Problem to solve -
Output every entry exactly as written, skipping any pictures.

Exercise data -
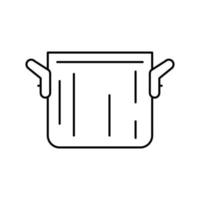 aluminium pot cooking line icon vector illustration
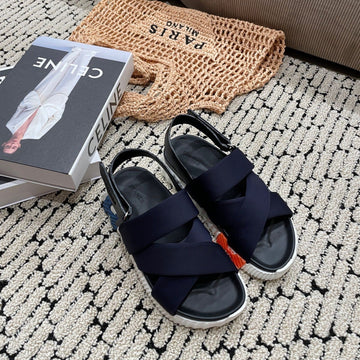 Electric Sandal Black Mix Charcoal Black Calfskin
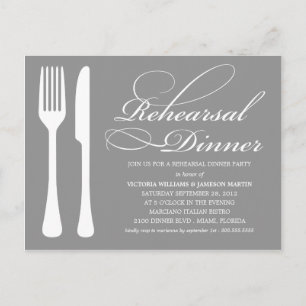 SILVER FLATWARE REHEARSAL DINNER INVITE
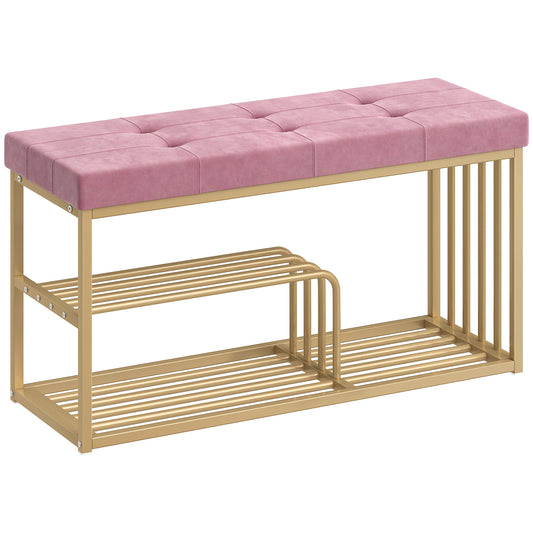 Photo of HOMCOM Bench and Shoe Storage, Tufted Shoe Storage Bench with Velvet Seat Cushion Gold Steel Frame for Entryway, Pink in Pink colour on a white background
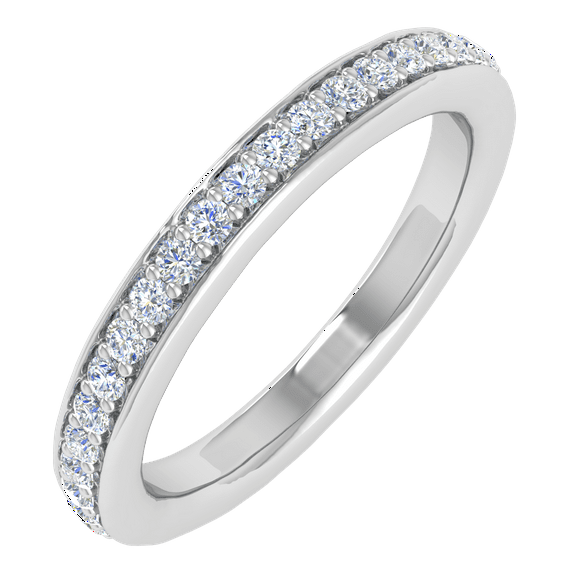 1/5 Carat Diamond Wedding Band Ring in 14K White Gold(Ring Size 5.5)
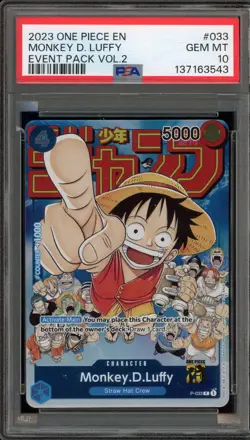 One Piece CCG Monkey.D.Luffy Event Pk. Vol. 2 P-033 PSA 10 Gem Mint - Image 1
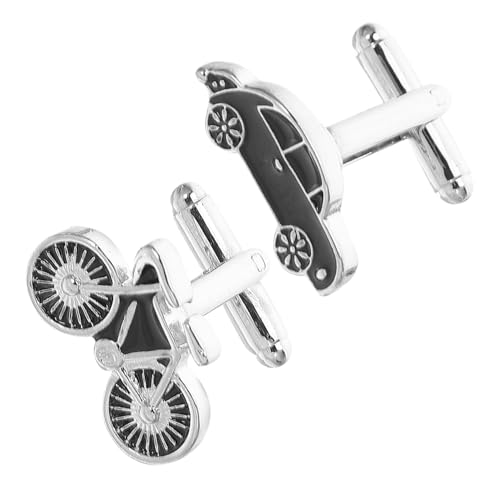 BESPORTBLE 2 Stück Manschettenknöpfe Herren Auto Fahrrad Design Schwarz Basis Vintage Stil Business Hochzeit Formelle Anlässe Modisches Hemdzubehör von BESPORTBLE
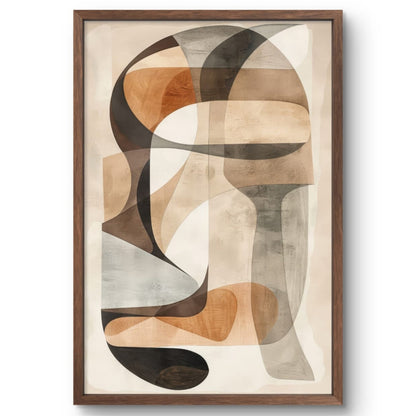 Abstract art piece with geometric shapes in earthy tones on a white background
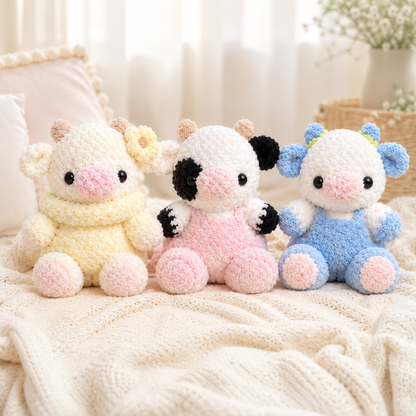 Crochet Baby Cow in Clothing Pattern Bundle (10 in 1)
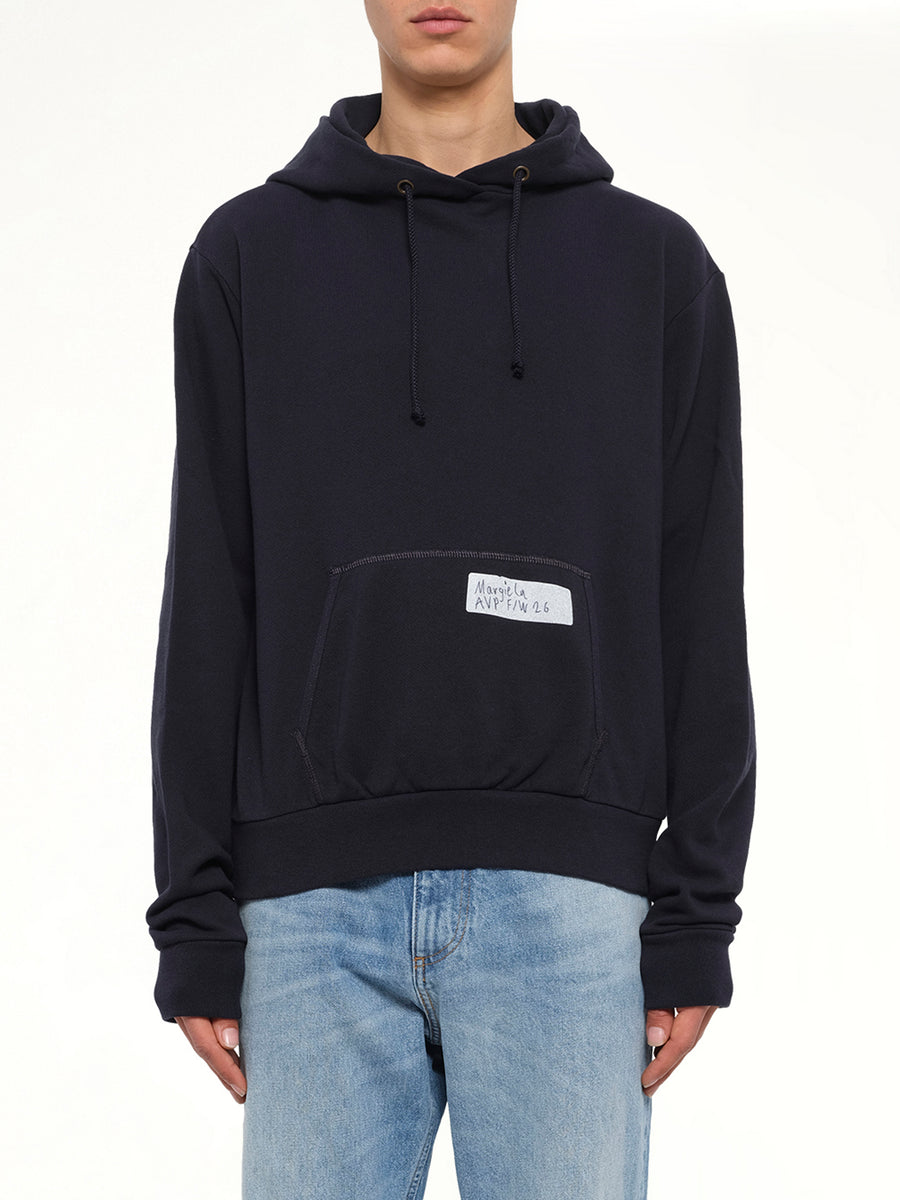 Bird Print Regular Hoodie in Blue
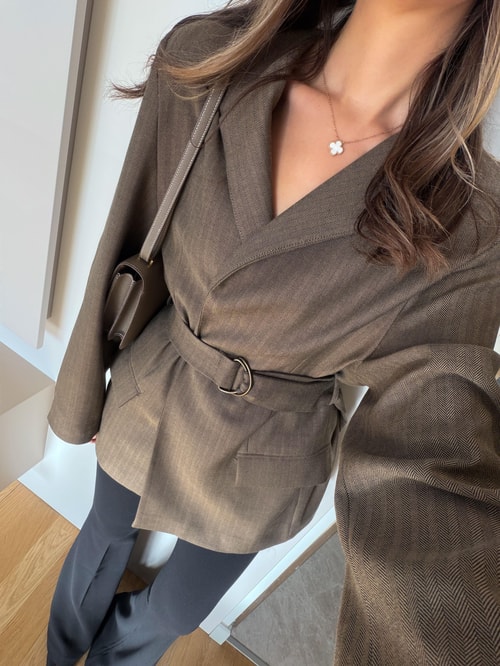 Hakim Yaka Kemerli Blazer - Haki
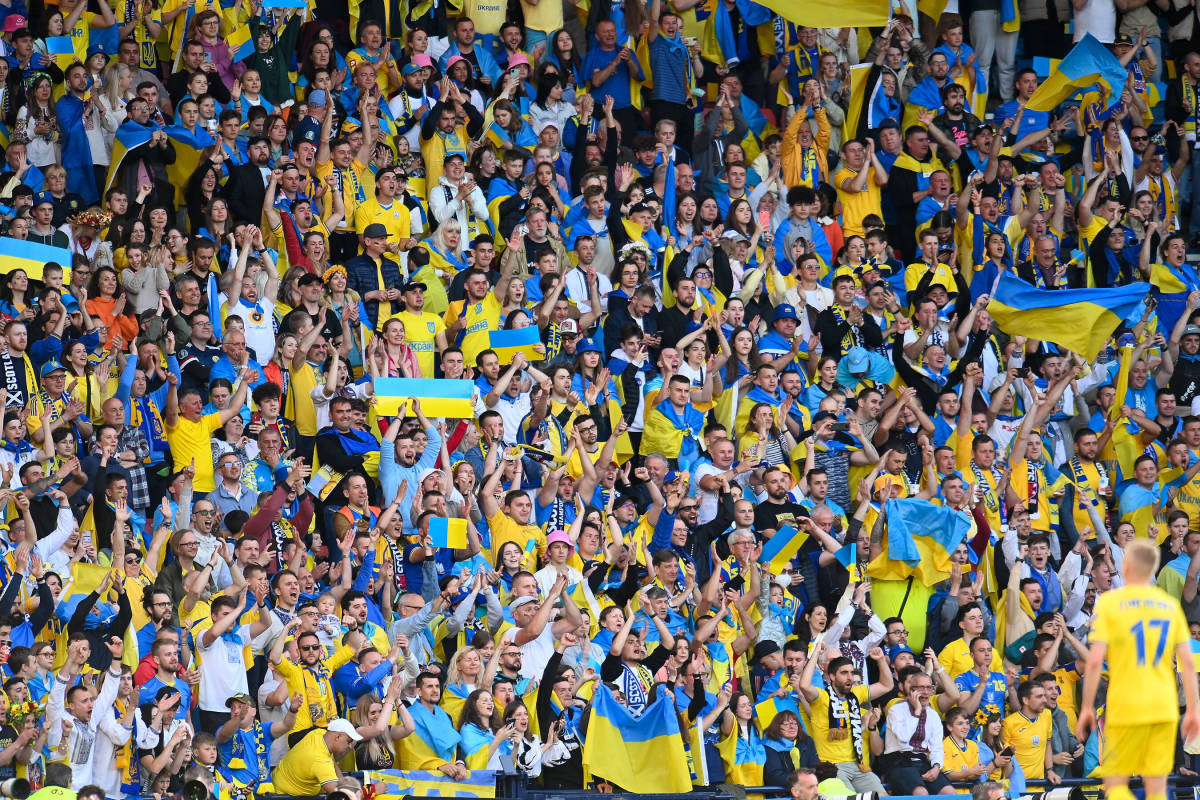 Ukraine fans pictured at Glasgow's Hampden Park during their team's World Cup play-off semi-final win over Scotland in June 2022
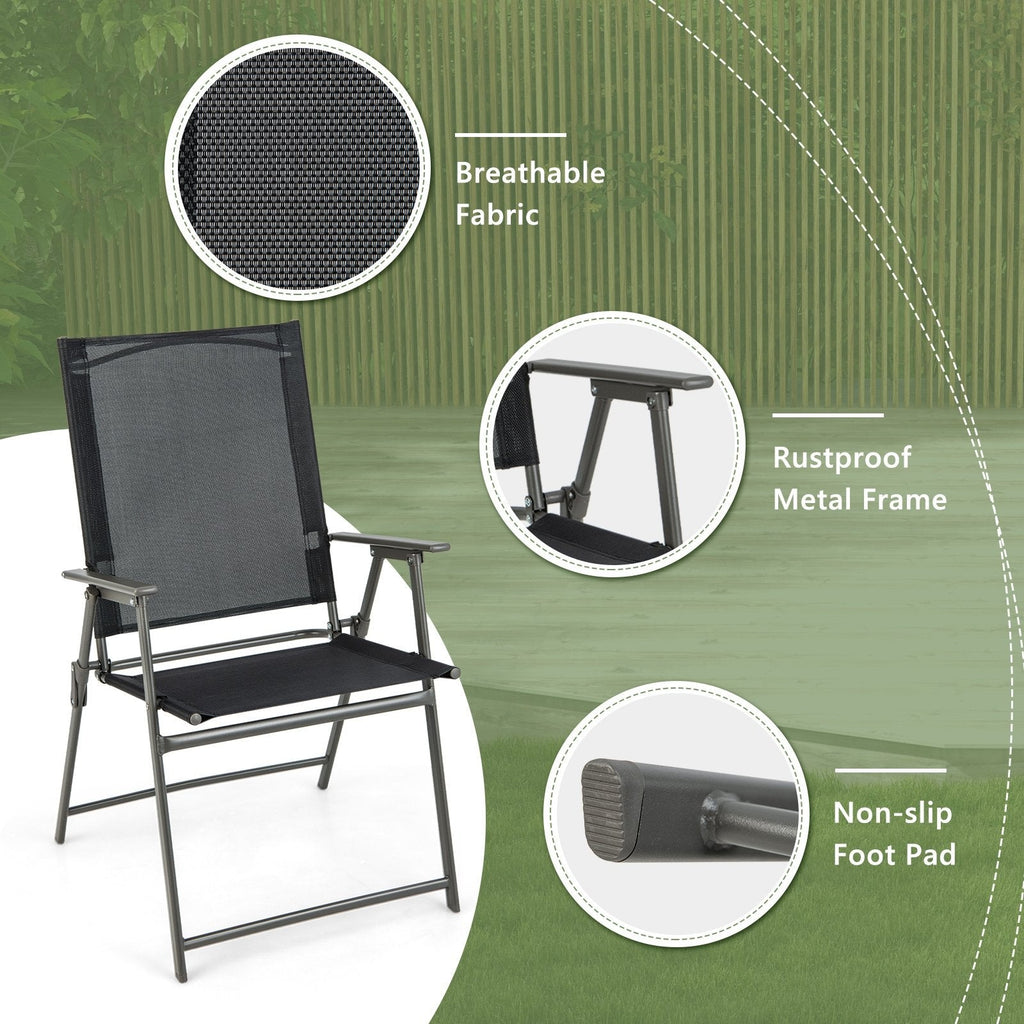 Ensemble de 4 chaises pliantes de terrasse avec cadre en métal inoxydable - Noir
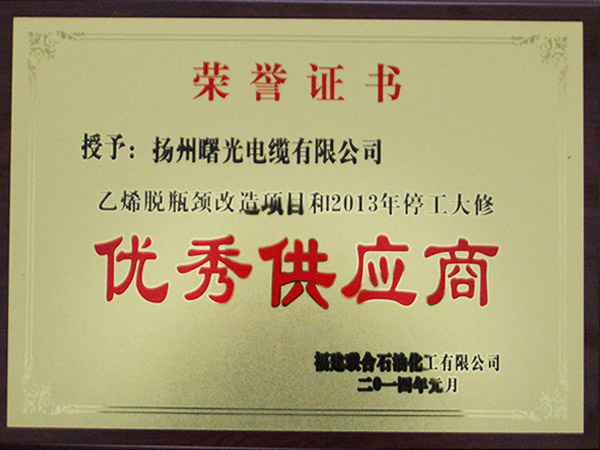 Fujian union petro-chemical 2013 excellent supplier award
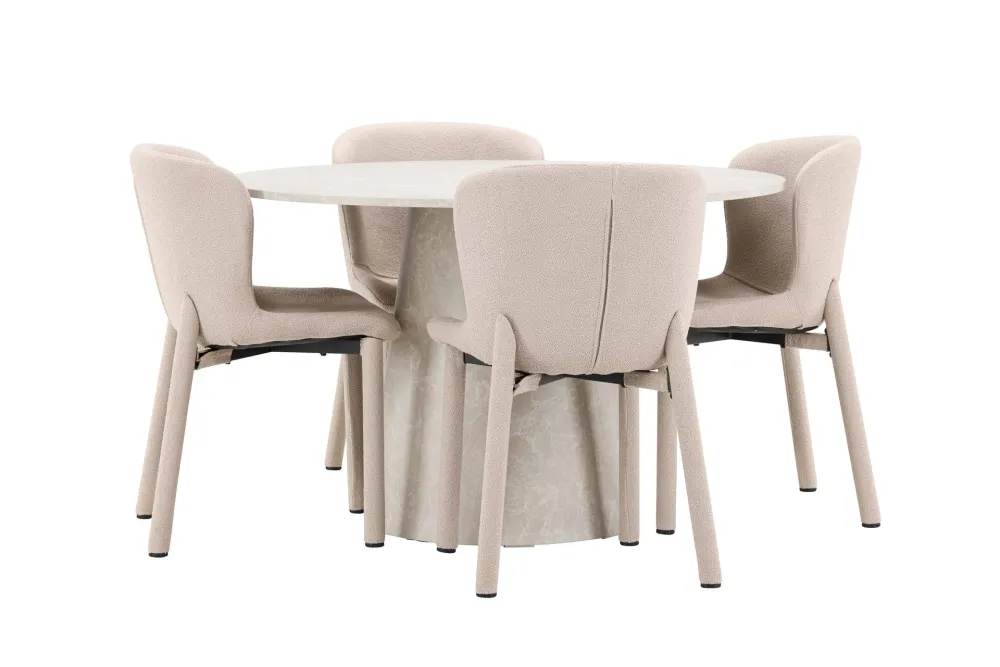 Matgrupp Venture Home Lanzo Runt 120 cm Ecru med 4st Astoria Stolar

Answer to this task -
 aluminium pot cooking line icon vector illustration
 Electric Sandal Black Mix Charcoal Black Calfskin
 SILVER FLATWARE REHEARSAL DINNER INVITE
 Photo of HOMCOM Bench and Shoe Storage, Tufted Shoe Storage Bench with Velvet Seat Cushion Gold Steel Frame for Entryway, Pink in Pink colour on a white background
 1/5 Carat Diamond Wedding Band Ring in 14K White Gold(Ring Size 5.5)
 One Piece CCG Monkey.D.Luffy Event Pk. Vol. 2 P-033 PSA 10 Gem Mint - Image 1
 BESPORTBLE 2 Stück Manschettenknöpfe Herren Auto Fahrrad Design Schwarz Basis Vintage Stil Business Hochzeit Formelle Anlässe Modisches Hemdzubehör von BESPORTBLE
 Abstract art piece with geometric shapes in earthy tones on a white background
 Crochet Baby Cow in Clothing Pattern Bundle (10 in 1)
 Bird Print Regular Hoodie in Blue
 Hakim Yaka Kemerli Blazer - Haki
 Ukraine fans pictured at Glasgow's Hampden Park during their team's World Cup play-off semi-final win over Scotland in June 2022
 Ensemble de 4 chaises pliantes de terrasse avec cadre en métal inoxydable - Noir
 Fujian union petro-chemical 2013 excellent supplier award
 Matgrupp Venture Home Lanzo Runt 120 cm Ecru med 4st Astoria Stolar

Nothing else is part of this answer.